This paper provides a theoretical analysis of the error introduced by approximating a joint value function (across multiple agents) as linear combination of individual value functions, referred to as value decomposition. In particular, they introduce a measure of Markov entanglement, which bounds the error of such decompositions. To estimate this entanglement, they propose to measure the total variation distance between the transition matrix of focal agent AA’s local state (and its next action/policy) conditioned only on its own current local state and action, and the transition matrix and policy conditioned on the global state and actions.

优缺点分析

Strengths

  1. The idea of entanglement makes intuitive sense — it seems natural that value functions can be linearly decomposed into their component parts if their transition distributions are independent.
  2. The motivation for the work is clearly laid out, and I was able to follow the argument clearly throughout despite not being familiar with some of the experiment settings and index policies.

Weaknesses

  1. The empirical evaluation is limited, being only a single demonstration for index policies that demonstrates sublinear decomposition error scaling. However, I would argue that this is not a significant weakness given the primarily theoretical nature of the paper.
  2. I believe that the paper’s notion of Markov entanglement is missing some key relevant work (expanded further upon in Questions).
  3. Small nit: typo in Meta Algorithm 1 “Leaning”

问题

  1. The proposed method to estimate Markov entanglement seems to be closely related to common counterfactual methods in MARL used to estimate influence. For example, [1] uses a similar measure of information-theoretic influence to encourage agents to explore highly entangled transitions pπ(s,a,s2)[logpπ(s2s,a)logpπ(s2s2,a2)]p^{\boldsymbol{\pi}}\left(\boldsymbol{s}, \boldsymbol{a}, s_2^{\prime}\right)\left[\log p^{\boldsymbol{\pi}}\left(s_2^{\prime} \mid \boldsymbol{s}, \boldsymbol{a}\right)-\log p^{\boldsymbol{\pi}}\left(s_2^{\prime} \mid s_2, a_2\right)\right], and [2] proposes a similar mutual information-based method for entanglement of policies via the causal influence of one agent’s actions on another agent’s action. While this work uses it to bound value decomposition error rather than as intrinsic rewards for exploration, I would be interested to hear the authors discuss how their notion of Markov entanglement relates to these previous works.
  2. In J.4, Proposition 12 seems to be circular in some sense — bounding the error of value decomposition in terms of reward entanglement, which itself measures the accuracy of a global reward decomposition over the stationary state distribution. Can the authors clarify the contribution of this point?
  3. Apart from index policies, I would like to see more experiments to demonstrate the practical ramifications of using value decomposition in highly entangled MDPs with function approximation, e.g., a toy environment where the transition matrix/rewards can be altered to tune the level of entanglement, showing worse asymptotic performance with increasing entanglement for common decomposition methods such as VDNs [3] or QMIX [4]. I acknowledge that this would require a fair bit of engineering work, but might be useful for a camera-ready copy to make this more relevant to a wider body of MARL practitioners — I find that experiments only on index policies provide a rather narrow scope to demonstrate the utility of this approach.
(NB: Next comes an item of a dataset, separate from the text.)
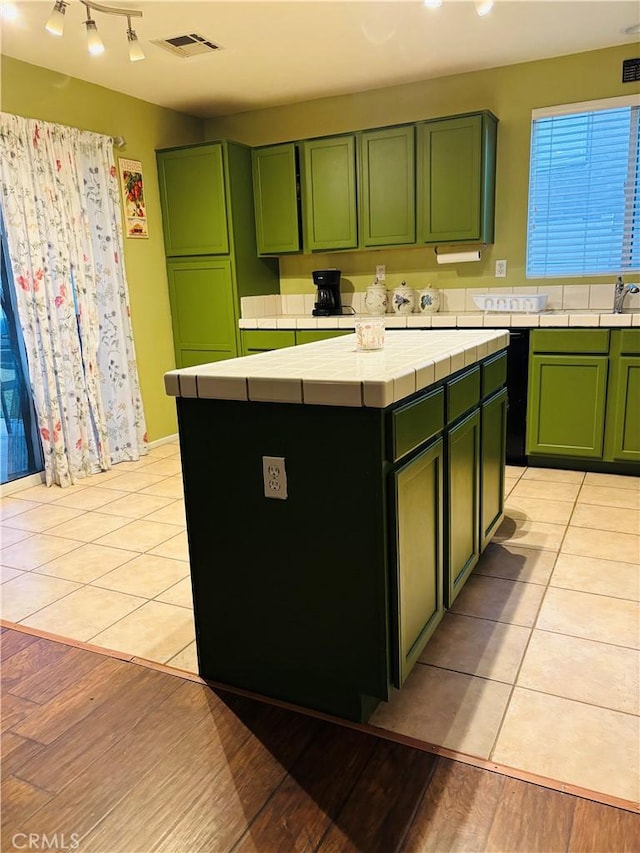 kitchen with a center island, tile counters, and green cabinetry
[1] Wang, T., Wang, J., Wu, Y. & Zhang, C. Influence-Based Multi-Agent Exploration. in Eighth International Conference on Learning Representations (2020).
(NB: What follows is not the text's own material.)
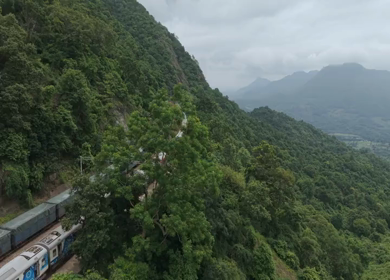 Aerial View of Indian Railways Freight Train Emerging from Tunnel Through Forested Hills, Andhra Pradesh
[2] Jaques, N. et al. Social Influence as Intrinsic Motivation for Multi-Agent Deep Reinforcement Learning. in Proceedings of the 36th International Conference on Machine Learning 3040–3049 (PMLR, 2019).

[3] Sunehag, P. et al. Value-Decomposition Networks For Cooperative Multi-Agent Learning.
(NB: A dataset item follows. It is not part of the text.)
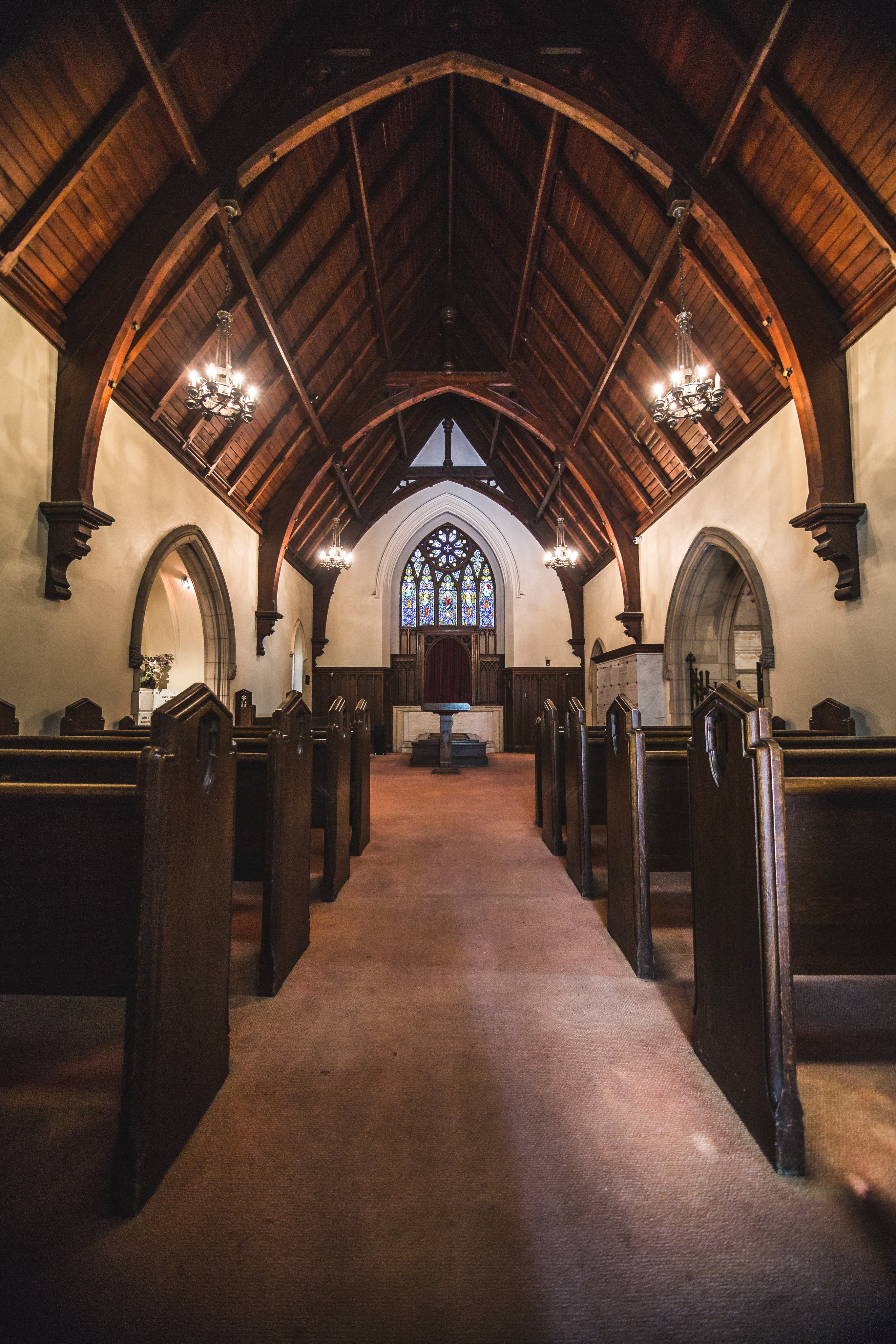 small chapel interior with pews lights and stained glass window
[4] Rashid, T. et al. Monotonic value function factorisation for deep multi-agent reinforcement learning. J. Mach. Learn. Res. 21, 178:7234-178:7284 (2020).

局限性

Yes

最终评判理由

The Inventory Simulator experiments clearly demonstrate the relationship between increased entanglement and the performance degradation of value decomposition-based methods, which addressed my concerns about the actual effects of Markov entanglement. They also addressed my questions about J.4.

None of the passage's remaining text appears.